ウ アントレnetのウェブサイトにおいて、「先輩達の独立事例集」の中で「人間力を生かす
コミュニケーショントレーナー
」と題して、「学び続け、一人ひとりの可能性を生かせるコミュニケーショントレーナーに・・・・現在は、個人セッション、企業や公共機関での
研修セミナー、講義
のほか、コーチングを生かした生活習慣病診療の著書に取り組んでいるところです。」との記載がある(http://entre.yahoo.co.jp/casebook/0162/index.html)。
エ 実践
コミュニケーショントレーナー
・西田弘次公式ウェブサイトにおいて、「
トレーニング・研修
について」と題して「初めての方へ」の項において、「はじめまして! 実践
コミュニケーショントレーナー
の西田弘次です。心を鍛えストレスから身を守る『西田式・心トレ(しんとれ)』並びに、コミュニケーション能力を高める『西田式・コミュトレ』に興味を持っていただき、有難うございます。

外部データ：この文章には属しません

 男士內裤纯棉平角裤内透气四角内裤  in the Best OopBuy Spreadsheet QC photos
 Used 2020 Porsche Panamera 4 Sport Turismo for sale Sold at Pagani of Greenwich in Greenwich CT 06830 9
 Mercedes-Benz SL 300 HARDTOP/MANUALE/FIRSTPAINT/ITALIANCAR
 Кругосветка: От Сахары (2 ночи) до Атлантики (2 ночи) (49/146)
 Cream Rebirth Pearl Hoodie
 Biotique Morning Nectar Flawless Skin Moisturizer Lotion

」との記載がある(http://www.nishida-koji.com/?p=26)。
(3)以上のとおり、「コミュニケーショントレーナー」による「コミュニケーションのスキルアップ」を目的とする講座、セミナー等が開催されている実情がある。
そうすると、本願商標をその指定役務中、「コミュニケーショントレーナーによる知識の教授,コミュニケーショントレーナーによるセミナーの企画・運営又は開催」に使用しても、これに接する取引者・需要者は、当該役務が、コミュニケーショントレーナーにより提供される役務であると理解、認識し、役務の質(提供者)を表示したものとして認識するにとどまり、自他役務の識別標識としては認識し得ないというのが相当であって、また、本願商標を上記役務以外の役務に使用するときは、役務の質について誤認を生じさせるおそれがある。

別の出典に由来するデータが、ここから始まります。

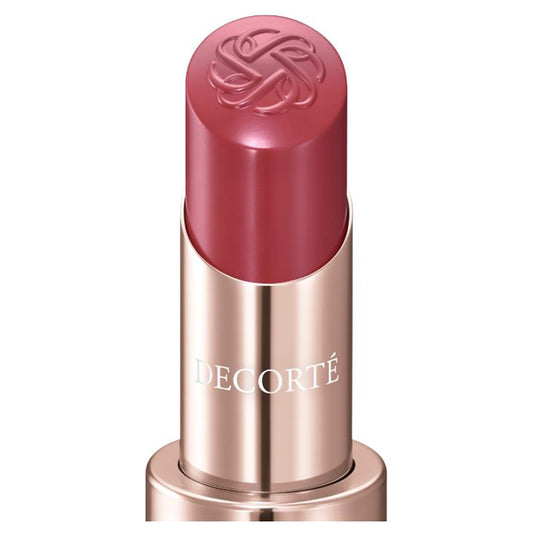 COSME DECORTE Tint & Plump (2 Ripe Strawberry) (Green Floral)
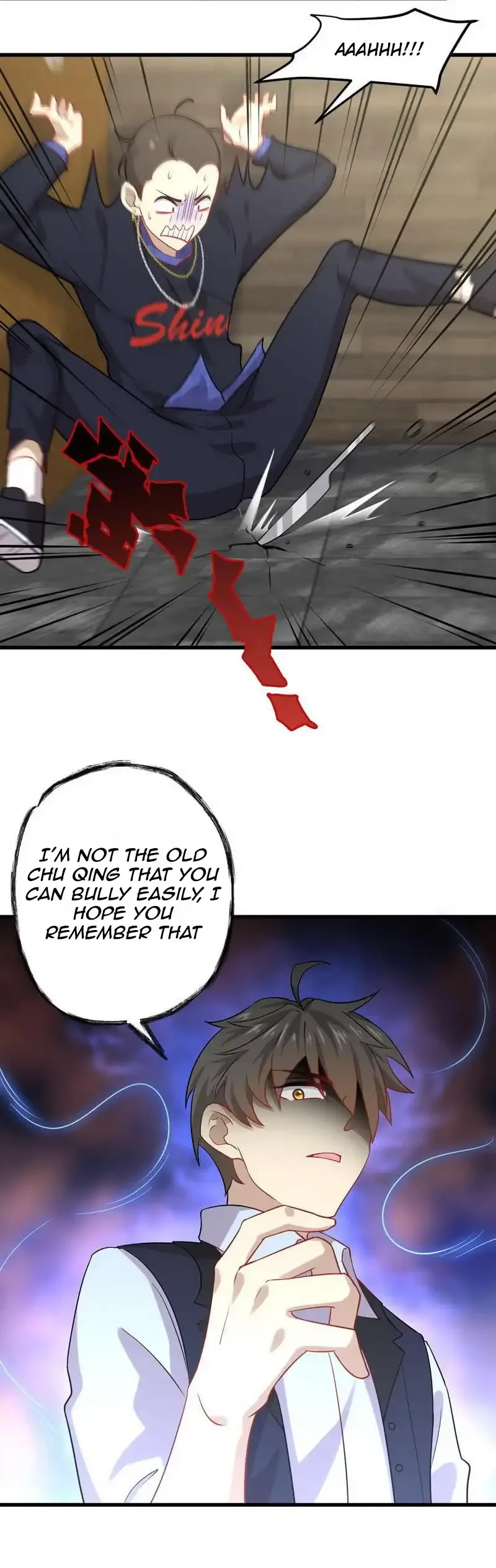 Immortal Swordsman in The Reverse World Chapter 39 page 14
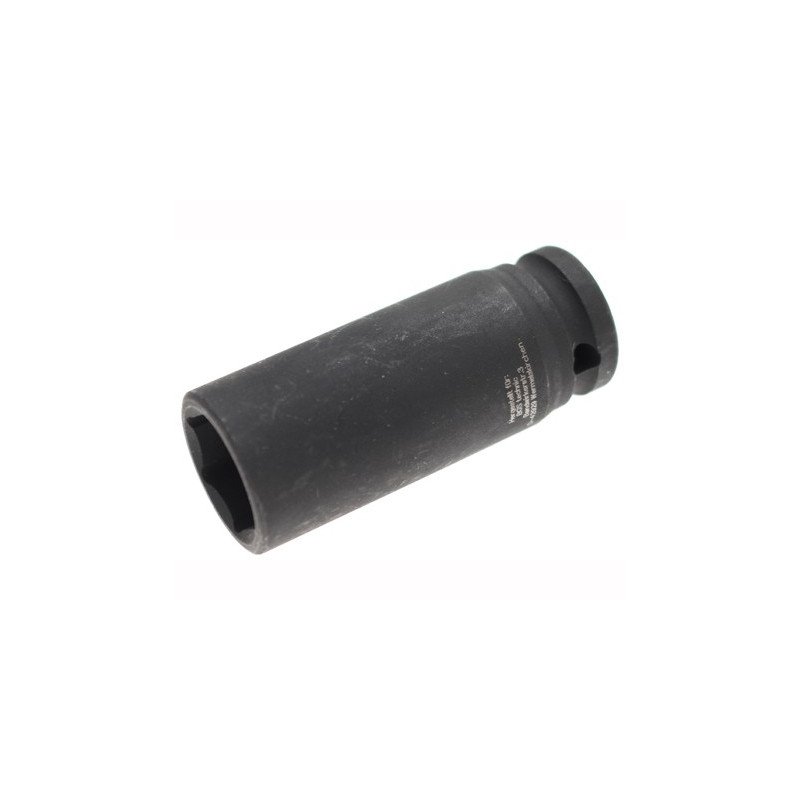 1/2" Voimahylsy pitkä 22 mm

4 請求人は、前記3の証拠調べに対し、何ら意見を述べていない。
5 当審の判断
本願商標は、「コミュニケーショントレーナー」の文字を標準文字で表してなるところ、その構成中前半の「コミュニケーション」の文字は、「人間同士が、思想・感情などを伝え合う働き」の意味を有する語であり、また、その構成中後半の「トレーナー」の文字は、「練習の指導者」の意味を有する語(ともに、コンサイスカタカナ語辞典 第3版 株式会社三省堂発行)としてよく知られているものである。
そして、前記3のとおり、本願指定役務を取り扱う分野において、「コミュニケーショントレーナー」による、コミュニケーションのスキルアップを目的とする講座、セミナー等が開催されている実情がある。

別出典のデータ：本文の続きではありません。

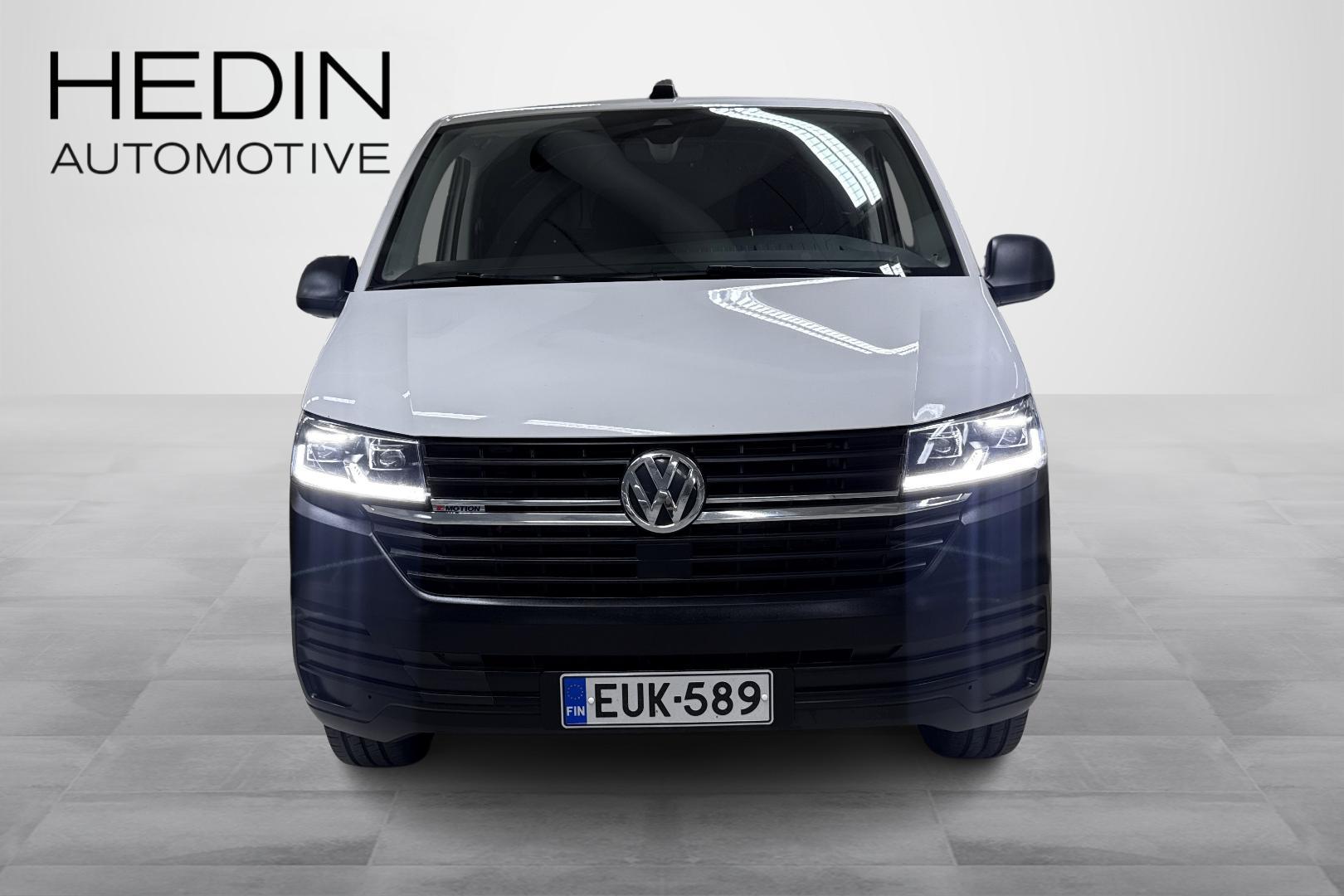Volkswagen Transporter 2022
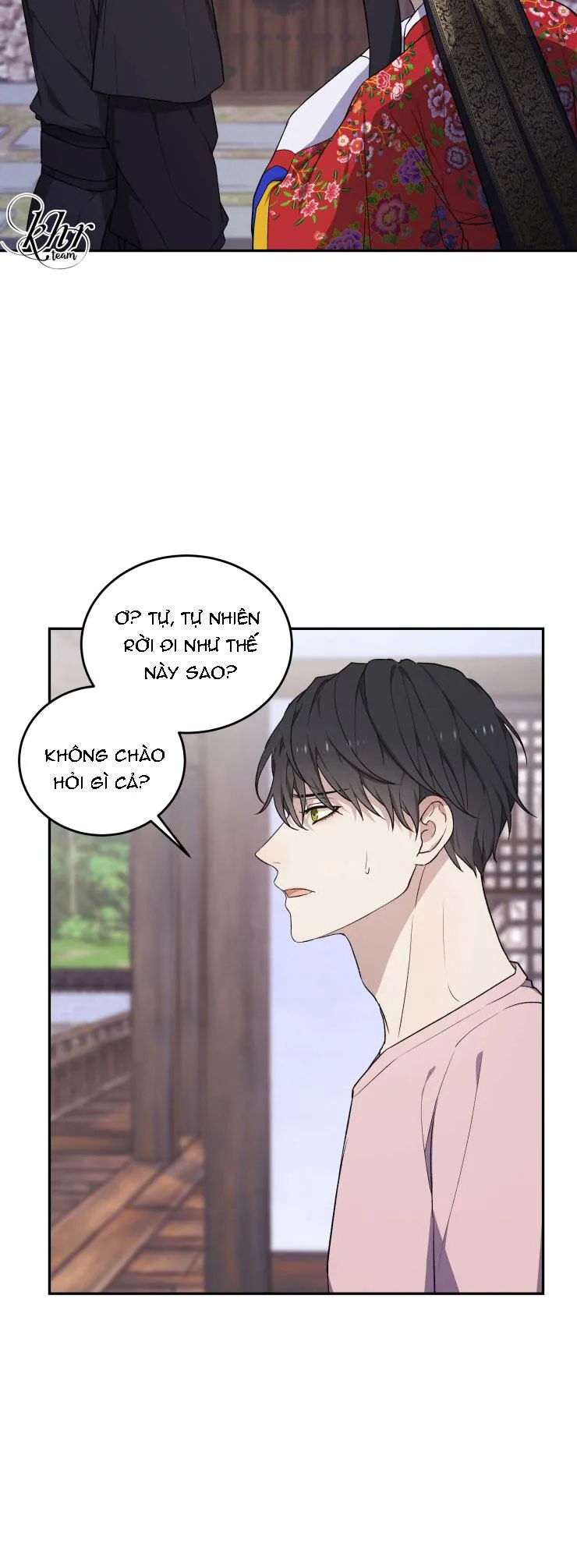 |DROP| Tâm Mộng Chapter 14 Trang 31
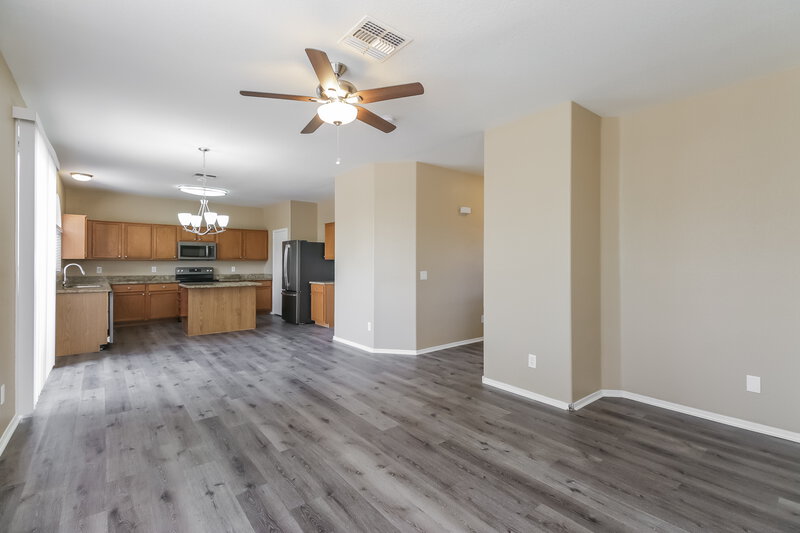 2,020/Mo, 40549 N Brumana St San Tan Valley, AZ 85140 Living Room View 2
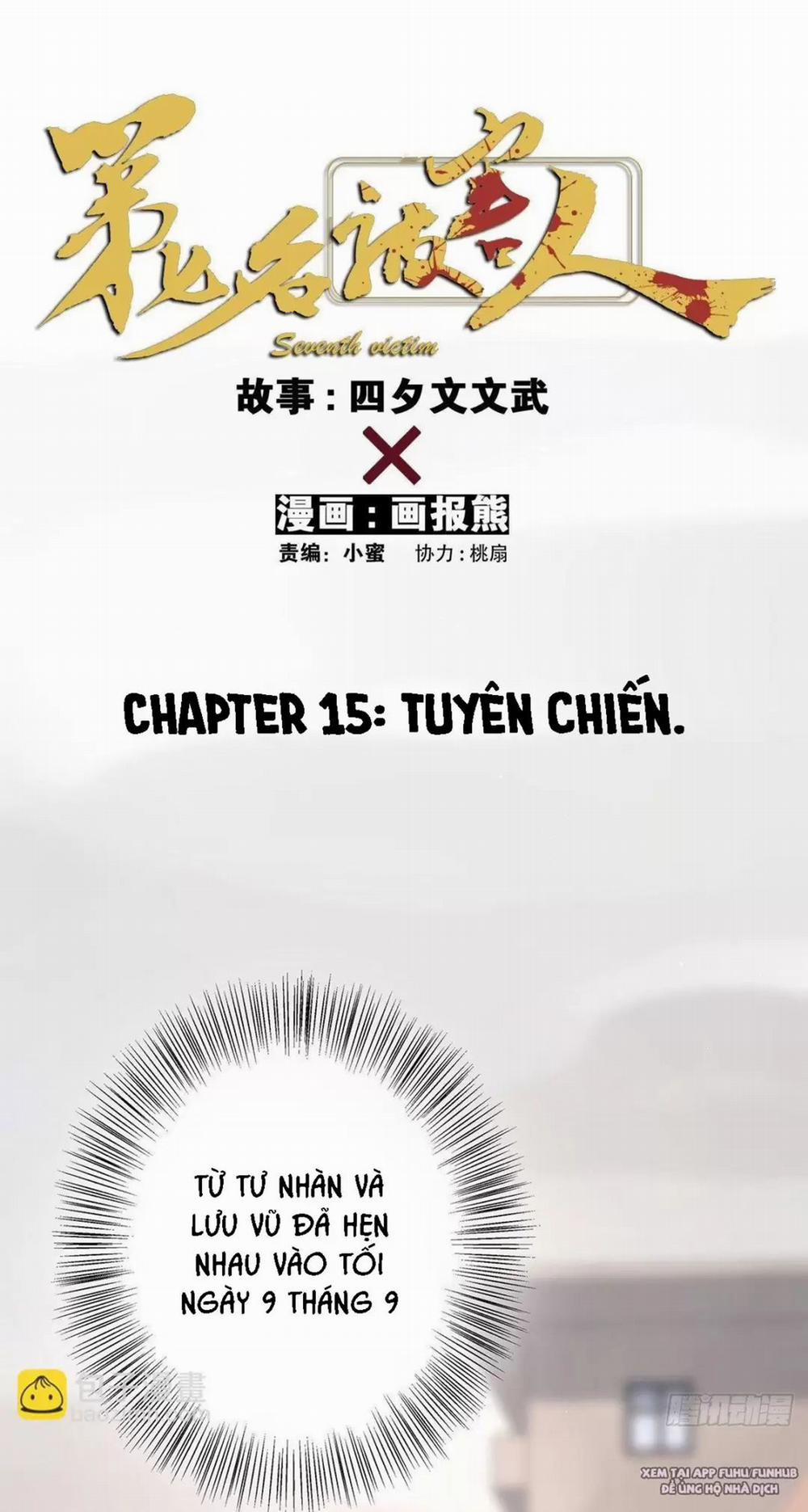 Nạn Nhân Thứ 7 15 trang 25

そうすると、本願商標は、これをその指定役務中、「コミュニケーショントレーナーによる知識の教授,コミュニケーショントレーナーによるセミナーの企画・運営又は開催」に使用しても、これに接する取引者・需要者をして、当該役務が、コミュニケーショントレーナーにより提供される役務(提供者)であると理解、認識し、単に役務の質を表示したものとして認識されるにとどまるものである。
してみれば、本願商標は、役務の質を普通に用いられる方法で表示する標章のみからなる商標と認められ、かつ、本願商標を上記役務以外の役務に使用するときは、役務の質について誤認を生じさせるおそれがある。
したがって、本願商標が商標法第3条第1項第3号及び同法第4条第1項第16号に該当するとして、本願を拒絶した原査定は、妥当であって、取り消すことができない。
よって、結論のとおり審決する。